La cámara es una Cannon réflex. Cada vez que saco una foto tengo que confiar en mis conocimientos empíricos para lograr haber medido correctamente la luz y haber sincronizado la apertura del diafragma con la velocidad de obturación.


Ya estamos todos aquí́ arriba.


TRABAJO EN EQUIPO.


¿Por qué́ a veces nos salen mal las cosas cuando trabajamos en equipo? Es un fenómeno que sucede en todas partes: en la oficina, en una compañía teatral, en un equipo de fútbol.


A menudo tenemos los conocimientos y las habilidades necesarios para el trabajo que estamos llevando a cabo, pero aun así́ el resultado no es satisfactorio.


En estos casos, el problema es un fallo del canal de comunicación, la «vitamina C» que alimenta la conexión y cohesión de un grupo.


Gran parte de los conflictos y disfunciones del trabajo en equipo son obra de malentendidos, de una comunicación deficiente.


Muy pocas veces hay una voluntad expresa de hacerlo mal. La información no se transmite correctamente, ya sea porque no sale de forma adecuada desde su origen, porque se pierde en el medio o porque el receptor de la información no la interpreta correctamente.


Seguimos subiendo. Durante un buen trecho, el lomo de la arista es amplio y relativamente seguro.

Nunca he participado en una expedición donde todo haya salido exactamente como estaba previsto. Siempre hay que cambiar alguna cosa, o hay alguna situación a la que te tienes que adaptar. Hay que ser flexible y, para que el conjunto del proyecto gane, todos hemos de hacer alguna concesión, que no ha de confundirse con una perdida.


No hay que dramatizar.


No es el fin del mundo; sencillamente, tenemos que cambiar nuestra forma de ver las cosas en una sola dirección.
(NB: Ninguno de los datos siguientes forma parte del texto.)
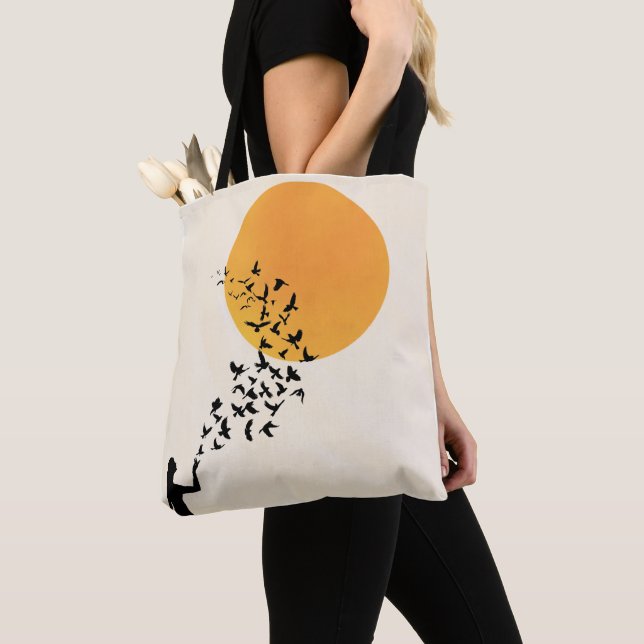 Bolsa Tote Mulheres, Sol & Silhueta de Pássaros Voadores Mini (Close Up)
Darnos cuenta de que puede haber múltiples realidades paralelas, por decirlo de alguna forma, y que todas son buenas si nos sirven para conseguir nuestro objetivo.


Albert Einstein decía que «la mente es un paracaídas; solo funciona si está abierta». Cuando nos aferramos a ideas preconcebidas, pensamos con rigidez y no podemos adaptarnos a los cambios. Tanto si nos encontramos en una expedición al Everest como si estamos ante cualquier situación difícil o arriesgada, tenemos que abrir la mente y ser flexibles. Aceptar alternativas y soluciones que ni se nos habían ocurrido. Especialmente cuando la vida se pone cuesta arriba y todo parece imposible, como dice, «aunque nada cambie, si tú cambias, todo cambia».


No saber por qué́ estás haciendo lo que haces, no tener una razón clara, una finalidad sincera, auténtica, puede provocar que te desmotives. Y la motivación es el motor de nuestras acciones. Sin ella no vamos a ninguna parte.


Una vez que entendemos que las cosas no siempre salen como queremos, tenemos la oportunidad de hacer los cambios necesarios para continuar con nuestro viaje.